Für den Städtebau ist ab dem 18. Jh. ein Rückgang der Fachwerkbauweise zu verzeichnen. Aufgrund der Brandschutzauflagen allerorts werden erst Stroheindeckungen und dann Holzbaustoffe für Fassaden verboten. Fachwerk begann nun, die Bauweise der ärmeren Schichten und der Landbevölkerung zu werden. In waldreichen und dünner besiedelten Gebieten hielt sich so der Fachwerkbau bis ins 19. Jahrhundert.

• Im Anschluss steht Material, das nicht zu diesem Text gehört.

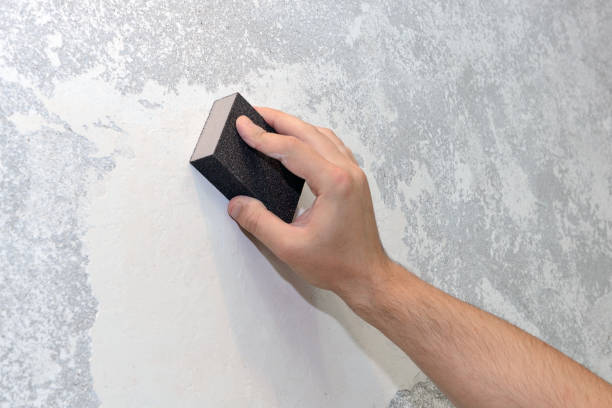 Best Crawl Space Mold Remediation  in Jackson, AL
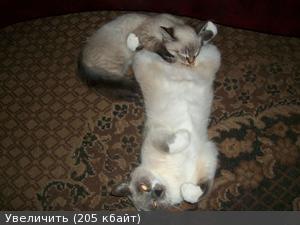 Кота с кошкой запалили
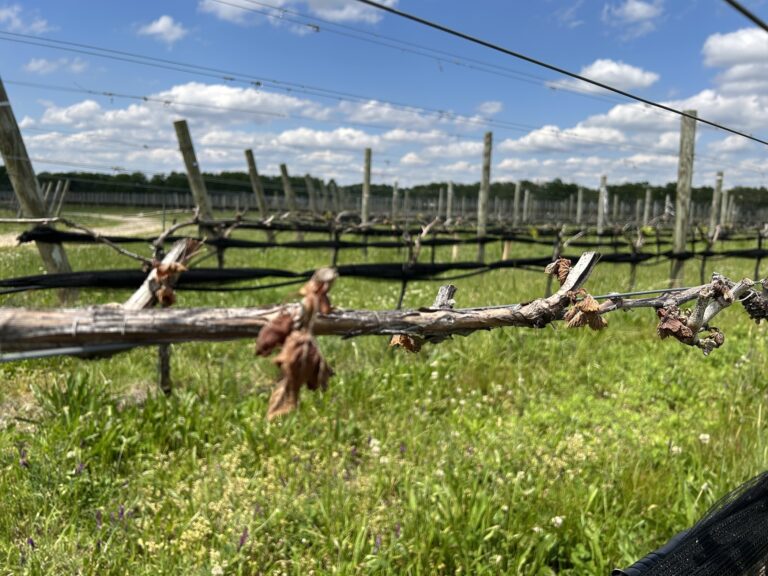 Damaged buds at the winery.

In den Städten vollzieht sich ein ästhetischer Wandel, die Fassaden werden verputzt und erhalten ein ruhiges Aussehen mit nun regelmäßig angeordneten großen Fenstern. Mitte des 19. bis Anfang des 20. Jh. besinnt man sich auf historische Fassadengestaltungen und setzt im Jugendstil Fachwerk fantasievoll interpretiert ein.

FACHWERK TAFEL 3: Zeitzeugen in Bildern

In Deutschland kommen drei Fachwerkgefüge vor. Hier in unserer Region ist das Mitteldeutsche Fachwerk anzutreffen, das über alle Mittelgebirge bis etwa zum Neckar nach Süden, im Osten bis nach Polen und im Westen bis in den Elsass in Frankreich recht. Hierbei wird oft der Wandständerbau verwendet, bei dem das Dachwerk hauptsächlich auf den Außenwänden ruht.
Die Häuser stehen meist mit ihrem Giebel zur Straße ausgerichtet. Innen sind sie typischerweise in Zonen aufgeteilt: Zur Straße finden sich die „Gute Stube“, daran anschließend Küche und Treppenhaus, hinten Schlafkammern. Räumlich getrennt  sind Stall, Lager und Backhaus in funktionalen Gebäuden untergebracht.
Vom Bergischen Land bis zum Rhein stehen in unserer Region viele Fachwerkhäuser. Sie prägen unsere Dörfer und Landschaften, und sind dabei der Stolz ihrer Besitzer. Oft sind die Häuser umgebaut, angebaut und modernisiert worden von ihren über die Jahrhunderte wechselnden Besitzern. Die verwendeten Reparaturhölzer unterscheiden sich oft vom ursprünglich eingesetzten Holz.
Werden Fachwerkhäuser gepflegt, so erzielt man eine besondere Wohnqualität mit wohligem Ambiente und freundlicher Atmosphäre durch das liebevoll bearbeitete Holz.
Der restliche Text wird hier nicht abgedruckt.